Whistleblowing protection in Romania and Hungary. Chêne, M. 2015.  

Analysing the legal framework regulating whistleblower protection in Romania and Hungary, this resource also explores how national law in these countries requires companies to implement whistleblower protection procedures. It identifies legislative good practices in whistleblower protection extending to both public institutions and private companies including: a broad definition of a whistleblower; protection against all forms of retaliation and discrimination; clearly communicated internal and external disclosure channels (including anonymous reporting); the right to confidentiality; and the right to receive advice on rights, compensation and damages (resulting from retaliation). It identifies Romania as having a strong whistleblowing protection legal framework, although it is limited to the public sector only. Hungary, by contrast, extends whistleblower protection legislation to both public and private sectors but is considered problematic, not least in its requirement that corporate compliance officers inform targets of whistleblower disclosures that they are the subject of a complaint, undermining the credibility of a subsequent investigation.    

Best practice and challenges for whistleblowing systems in MNCs. Martini, M. 2012  

This overview finds that elements of an effective whistleblowing system for a multinational company (MNC) include: clear announcement of the reporting channel; accessibility to all employees (taking into account differing time zones and languages); cultural appropriateness; guarantee of confidentiality if desired; availability of reporting mechanisms to third parties; collection of data from reports; screening to detect frivolous or malicious reporting; and protection from retaliation. 

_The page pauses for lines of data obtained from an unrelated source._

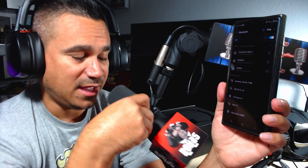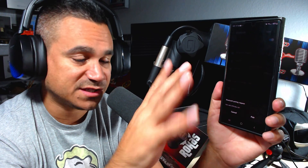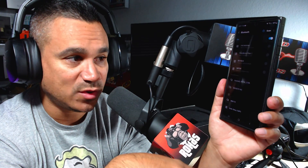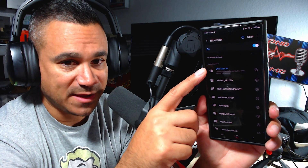It says 'pairing Bluetooth.' I'm on my phone, I'm gonna hit scan again, come to the bottom, and there it is — Cinmax Air. With your gaming console you might get something like 'pair' or a notification. Just make sure you do hit pair and then it'll be there at the top. Mine says 'paired' and I am good to go. With your gaming console it's gonna be very similar.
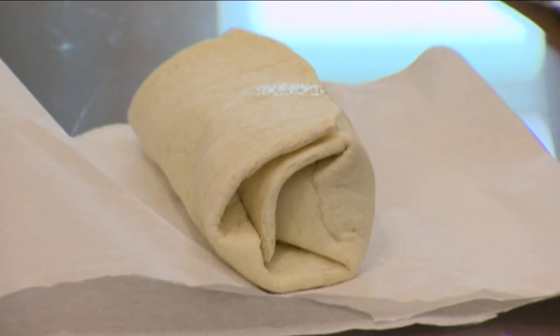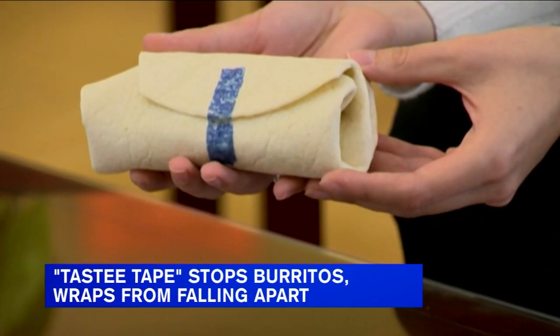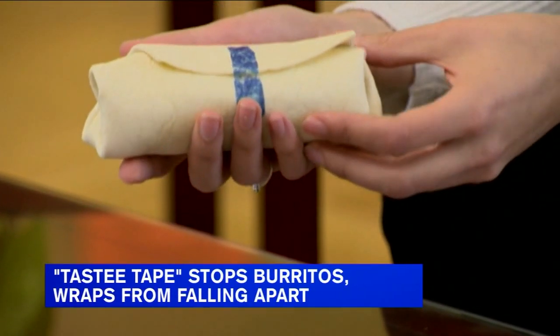It's a dining dilemma we've been talking about for years and years — this has really kept us up at night. How do we keep the burrito or wrap from falling apart? I know, an age-old question. Thanks to students at Johns Hopkins, there's now a solution. Tasty Tape is an adhesive that keeps all the ingredients inside wraps or burritos instead of all over your plate and falling out of your hands.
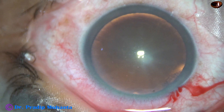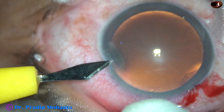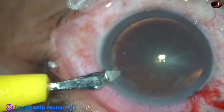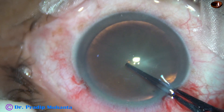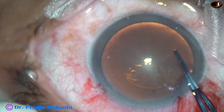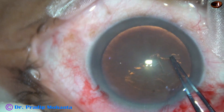We can see a spoke pattern of the lens mass. This is a side port on the left side of the main incision, about 3 clock hours away. When you place the side port 3 clock hours away, the astigmatism induced by the main incision is neutralized to some extent by the side port.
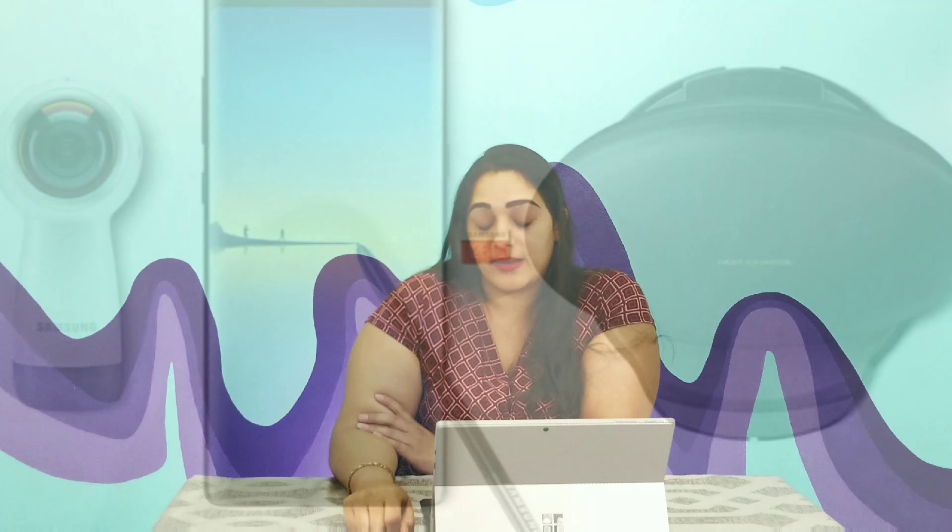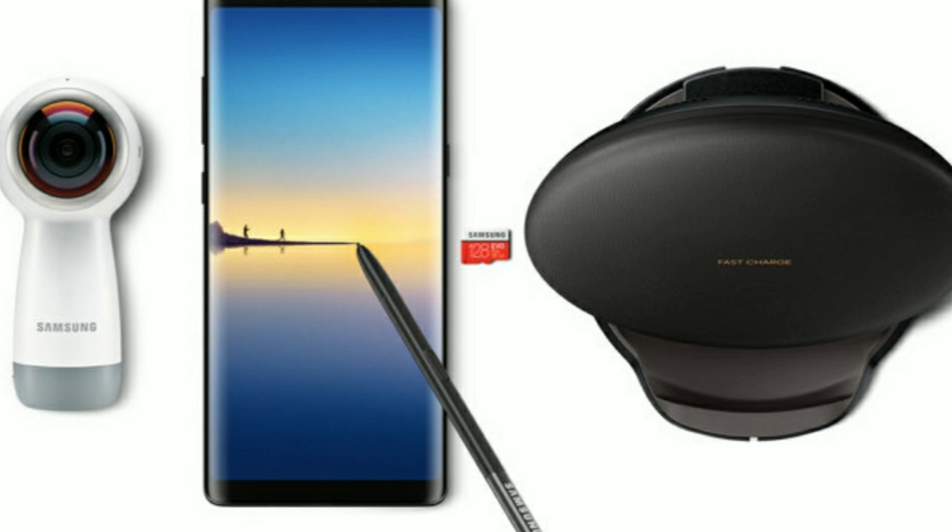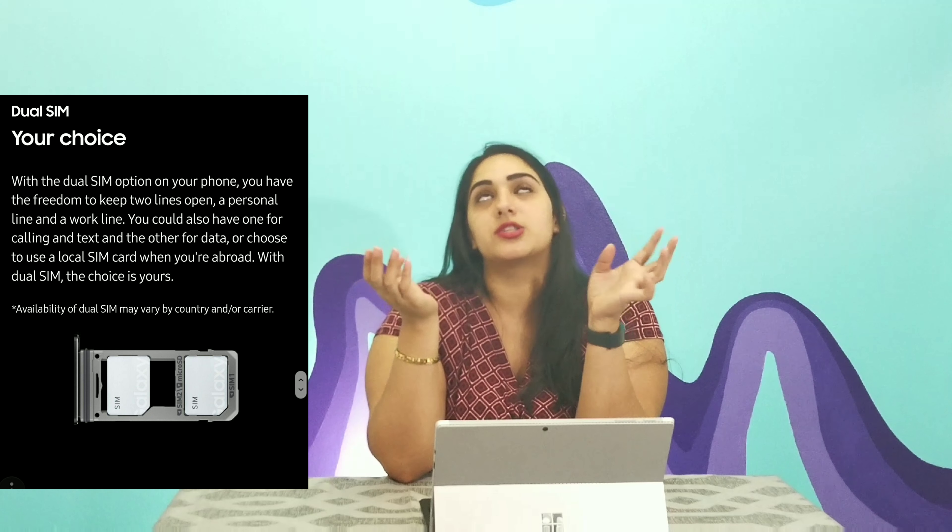It comes with a free gift when you pre-order — your choice of a 360 camera at a value of $229, or what they call the Galaxy foundation kit, which is a value of $190 and includes a 128 gigabyte memory card and a wireless charger. One thing I'm very excited about is that it comes with two SIM card slots, so that way if you're extremely busy and need two phones, you can actually combine the two into one — carry less stuff and have just one really cool phone instead of a personal one and a boring work one.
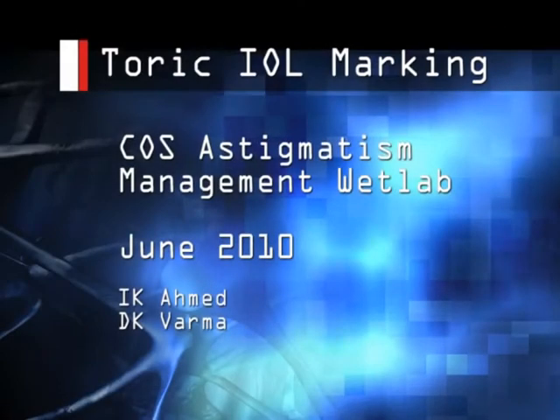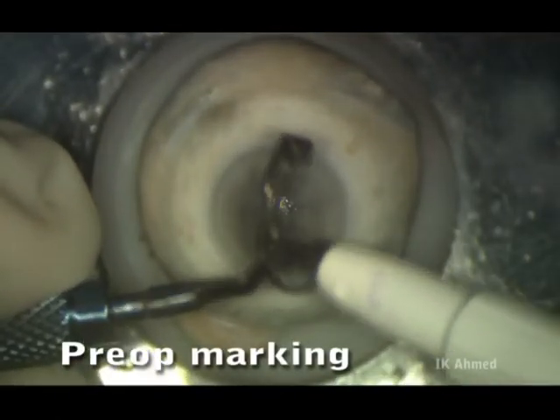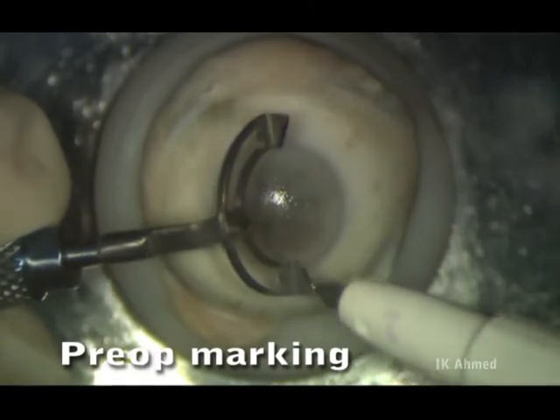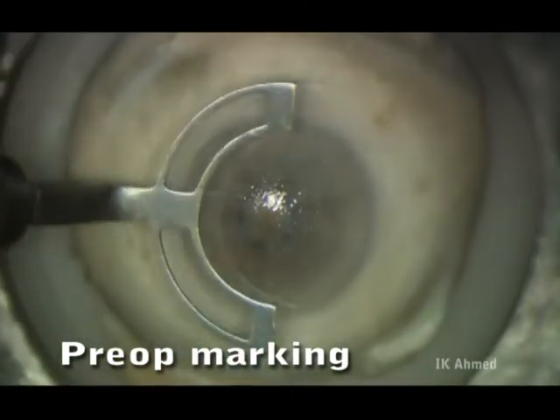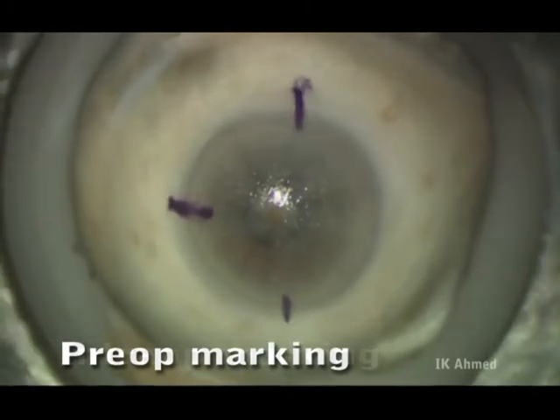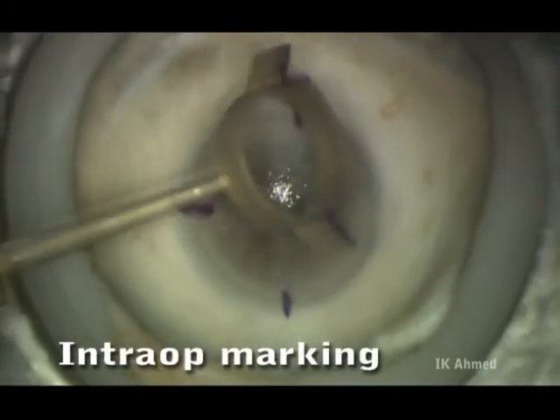Next, we'll practice marking for toric intraocular lenses. Here we're preparing a three-ray marker by using a marking pen. This will be used preoperatively with the patient seated upright. Typically, we'll mark the horizontal and six o'clock positions.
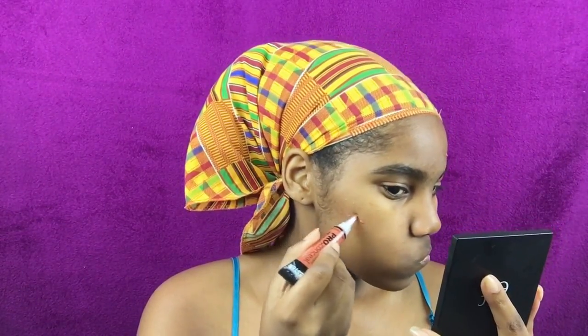I'm starting off by color correcting with this LA Girl Red Concealer, which I've never used before, and apparently don't know how to use it.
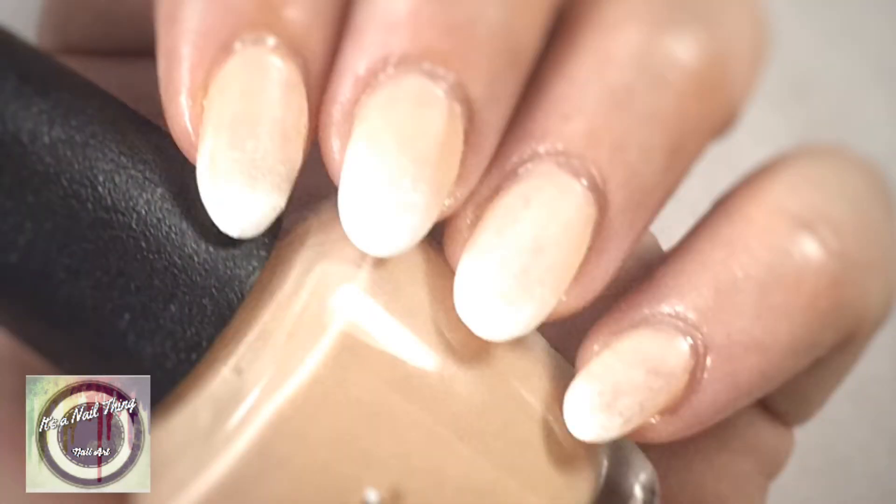And that's it — a matte baby boomer nail art to start off the new year, nice and easy! I hope everyone's had a really good start to it. If you enjoyed this, please like, comment, and subscribe to my channel, and I'll see you next time. Bye!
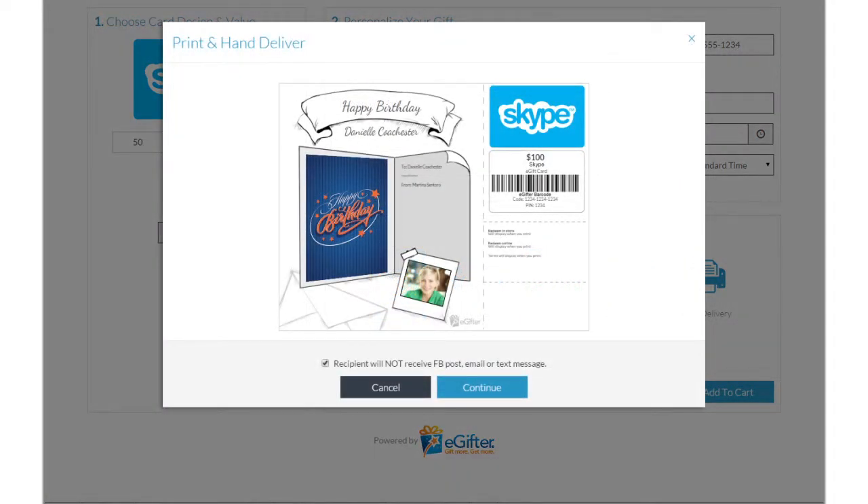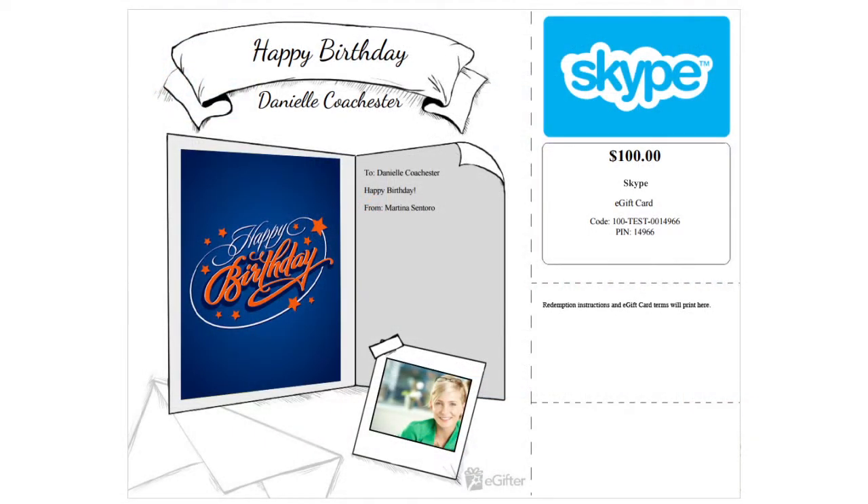When placing your order, you'll be given the option to print a card. Select this option and when your order is complete, you'll have a PDF that you can print and hand deliver to your friend.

The main challenges to effective whistleblowing mechanisms include: compliance with national legislation, privacy and data privacy issues and legal restrictions on outsourcing whistleblowing hotlines, among others. The resource also maps some key actors offering advice in the field, such as professional service firms and specialised companies, and NGOs and Transparency International chapters who provide whistleblowing services, such as TI Mauritius or TI Advocacy and Legal Advice Centres (ALACs) and the UK charity Public Concern at Work.  

Whistleblowing mechanisms in municipalities. Wheatland, B. 2016.  

This resource explores best practices and applications of whistleblowing mechanisms in municipalities (in an international context). It identifies that, in partnership with strong whistleblowing protection laws, good whistleblowing systems in municipalities are essential for whistleblower protection. Best practices include: allowing citizens to raise complaints against local government officials while also obliging local civil servants to report corruption; the establishment of an independent complaints office within the local government; and an independent complaints procedure that fits the local context. More specific recommendations include: ensuring confidentiality; establishing criteria for reports to be assessed as valid; and a competent body and system to investigate complaints. Case studies from South Africa, Canada, US, UK and Italy illustrate the variations of whistleblowing systems in municipalities.  

Whistleblowing in Europe: Legal protections for whistleblowers in the EU. Worth, M. 2013.  

This 2013 report surveys the whistleblower protection laws of 27 EU member states, and can be used as summary guidance to the legal as well as political and social contexts of the EU countries covered, bearing in mind that several updates to the national legislation of some countries have since occurred. It also examines the perception of whistleblowers in EU countries and explores the variations in terminology for whistleblowing across EU country languages.    

The business case for “speaking up”: How internal reporting mechanisms strengthen private sector organisations. Transparency International. 2017.

Created in consultation with Transparency International national chapters and businesses, this resource discusses the merits and challenges businesses may encounter when implementing a whistleblowing mechanism, asserting that it is within a business’s interest to establish internal reporting mechanisms. It identifies and details six key benefits of an internal reporting mechanism to businesses, namely: public signal of commitment to integrity and social responsibility; prevention and mitigation of liability; prevention or mitigation of financial losses; continuous improvement in compliance and risk management; prevention or mitigation of reputational harm; and enhancement of organisational culture  

Whistleblowing: An effective tool in the fight against corruption. Transparency International policy position. 2010.  

This policy position offers a brief set of policy and legal recommendations from Transparency International, namely: effective legal protection of whistleblowers against retaliation with full compensation in case of reprisals; adequate mechanisms in public, private and not-for-profit organisations to ensure that disclosures are properly handled and thoroughly investigated; and public research, data collection, information and training to inform the public of the benefit of whistleblowing. Section 4 addresses and makes recommendations for the need for effective follow-up mechanisms in organisations.